巻頭言

追い風を活かして

榎本 亮


 今年5月の総会において理事に選任されました。本学会発展のために微力ながら努力してゆく所存ですので、よろしくお願い申し上げます。
 新理事に選任された際、本学会は最近追い風が吹いて勢いのある学会になってきているので、がんばって下さいとのことでした。まさにその通りで、システムオンチップ(SOC)とシステムインパッケージ(SIP)のどちらが有効かという議論が活発に行われており、現時点ではSOCには多くの課題があるために、システムLSIが利用できる用途が限られているとの見方が主流を占めているようです。しかしながら、システムLSIに適した新しい半導体生産システムも提案され、本格的な開発が始まっていることなどから、10年後にはこの状況がかなり変わってくる可能性があります。したがって、できるだけ早くSIPの特徴を最大限活かした実装技術、特にチップ間の高速伝送化に対応できる技術を確立して実証することにより、確固たるポジションを確保しておくことが最も重要と思われます。

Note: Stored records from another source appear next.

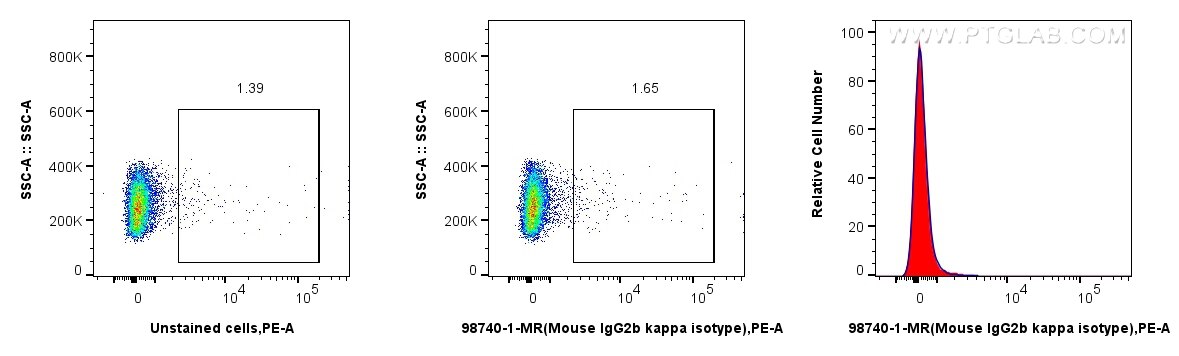 1x10^6 rat splenocytes were surface stained with 0.25 ug Mouse IgG2b, κ isotype control RecAb (98740-1-MR, Clone:253506A1) (red in histogram) and PE-conjugated Goat Anti-Mouse IgG, or unstained cells (blue in histogram). Cells were incubated with FC Receptor Block prior to staining. Cells were not fixed. Flow cytometry (FC) experiment of rat splenocytes cells using Mouse IgG2b, κ isotype control Recombinant Antibod (98740-1-MR)
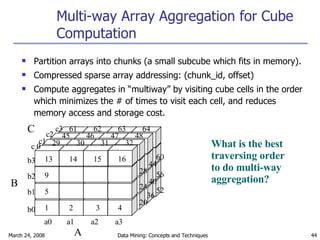 Multi-way Array Aggregation for Cube Computation Partition arrays into chunks (a small subcube which fits in memory).  Compressed sparse array addressing: (chunk_id, offset) Compute aggregates in “multiway” by visiting cube cells in the order which minimizes the # of times to visit each cell, and reduces memory access and storage cost. What is the best traversing order to do multi-way aggregation? A B 29 30 31 32 1 2 3 4 5 9 13 14 15 16 64 63 62 61 48 47 46 45 a1 a0 c3 c2 c1 c 0 b3 b2 b1 b0 a2 a3 C B 44 28 56 40 24 52 36 20 60 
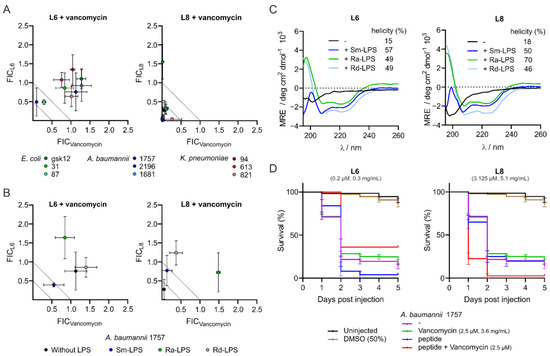 antibioticsmdpi's tweet photo. #EditorChoiceArticle
Stapling of Peptides Potentiates the #Antibiotic Treatment of #Acinetobacter baumannii In Vivo by Dr. Tom N. Grossmann and Dr. Peter van Ulsen et al. from @VUamsterdam 
👉https://t.co/lS27uBlYXg https://t.co/PPspGtvv1r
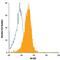 Colony Stimulating Factor 1 antibody, IC2161A, R&D Systems, Flow Cytometry image 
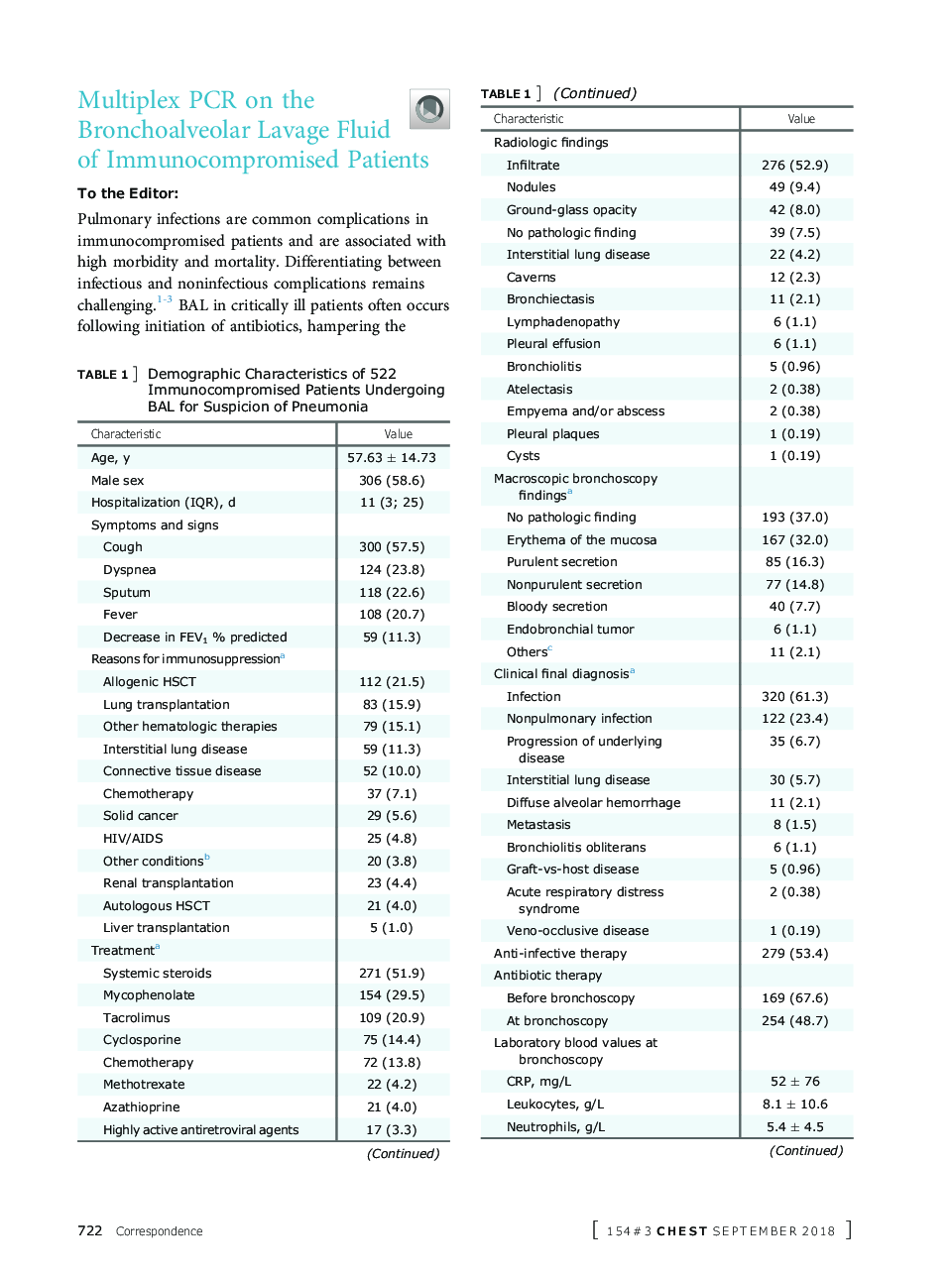 Multiplex PCR on the Bronchoalveolar Lavage Fluid of Immunocompromised Patients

 そのためには、これまでのように経験的なデータを主体にするのではなく、産官学が連帯してもっと論理的に実装および回路板技術の研究開発を進めることが不可欠となります。筆者の記憶が正しければ、5年以上前に比べると大学や研究機関からの発表がかなり増えてきており大変好ましい限りですが、それでも他の学会に比較してまだまだ少ないように見受けられます。また、SIPの開発は言うまでもないことですが、これまでのような単なるコンポーネントではなくシステムあるいはサブシステムの開発となるため、システム、半導体をはじめとした幅広い分野の技術者が参画されることも重要なポイントとなります。エレクトロニクスの生産拠点がどんどん海外に移り国内の空洞化が懸念されていることに対応するためにも、当学会がさらに活性化することにより、わが国独自の付加価値の高い実装技術が次々と開発されることを期待しております。

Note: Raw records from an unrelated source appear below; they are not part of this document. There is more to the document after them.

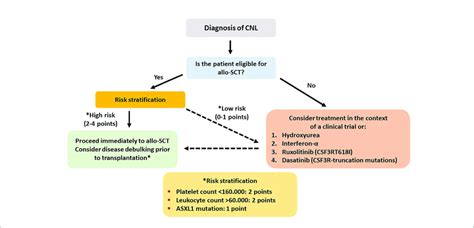 | Recommended treatment algorithm for patients with chronic ...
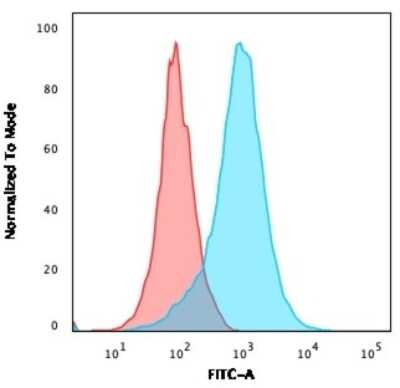 Flow Cytometry: CD31/PECAM-1 Antibody (158-2B3) [NBP2-44341]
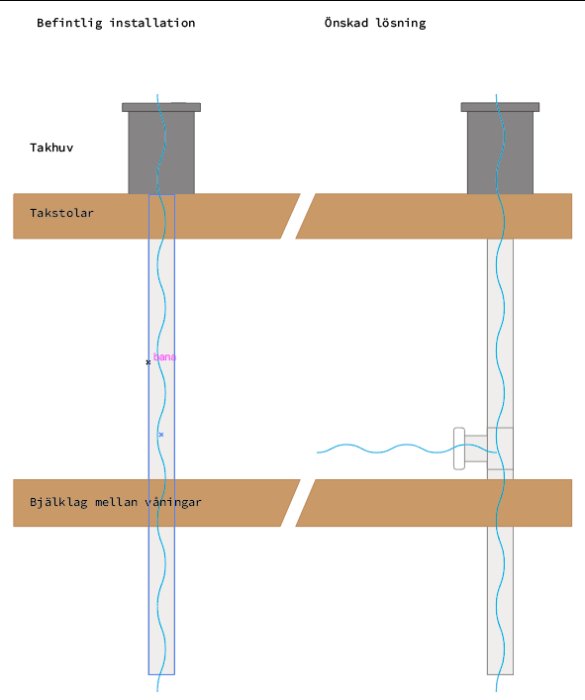 Schmatisk bild av befintlig och önskad installation av ventilationsrör genom våning med t-koppling.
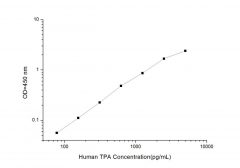Standard Curve for Human TPA (Tissue Polypeptide Antigen) ELISA Kit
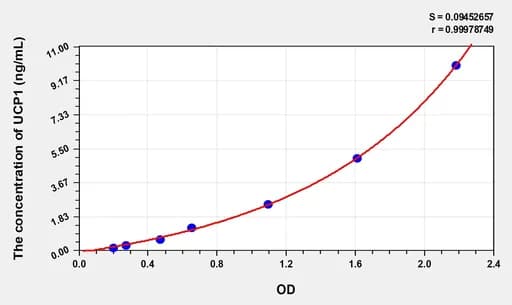 Mouse UCP1(Uncoupling Protein 1, Mitochondrial) Microsample ELISA Kit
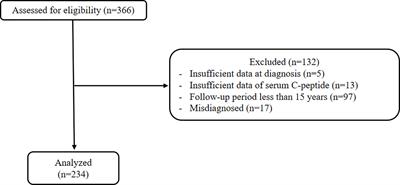 Insulin Requirement and Complications Associated With Serum C-Peptide Decline in Patients With Type 1 Diabetes Mellitus During 15 Years After Diagnosis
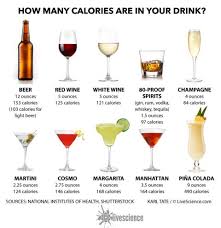 Calories in bourbon based on the calories, fat, protein, carbs and other nutrition information submitted for bourbon. Cheers Counting The Calories In Alcoholic Drinks Live Science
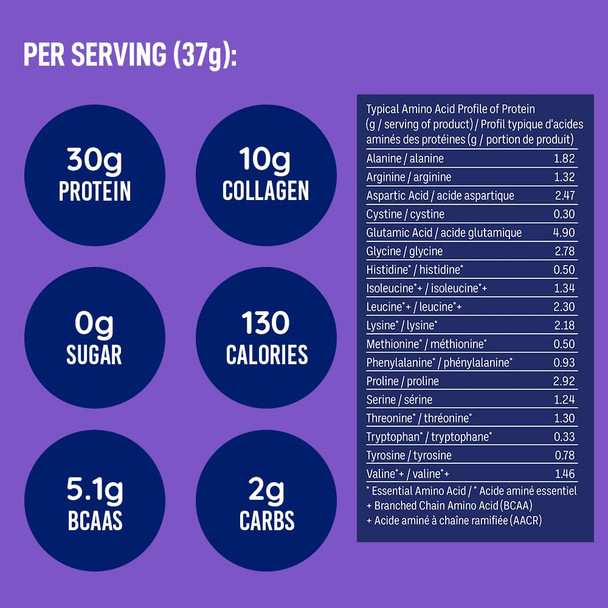 LEANFIT SPORT PROTEIN ISOLATE & MARINE COLLAGEN Chocolate Hazelnut Grass-Fed Protein Isolate and 100% Hydrolyzed Marine Collagen Powder (Type I, III) 30g Protein and 10g Collagen Per Serving 24 Servings 880g Tub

 ところで私が勤めている会社は岐阜県の大垣市にあり、比較的関西に近いこともあって、ここ数年関西で開催されるマイクロエレクトロニクスシンポジウムと関西ワークショップの企画・運営をお手伝いさせていただいております。現在学会の事務所はいろいろのいきさつから、東京のはずれの西荻窪にあります。関東に住んでいる会員の方々はそれほど不便に感じていないかもしれませんが、関西方面に住んでいると東京に出たついでにちょっと事務所によって打ち合わせたり、情報を交換したりすることがかなり難しく、できれば東京駅から便利な所に事務所があると大変ありがたいと思っております。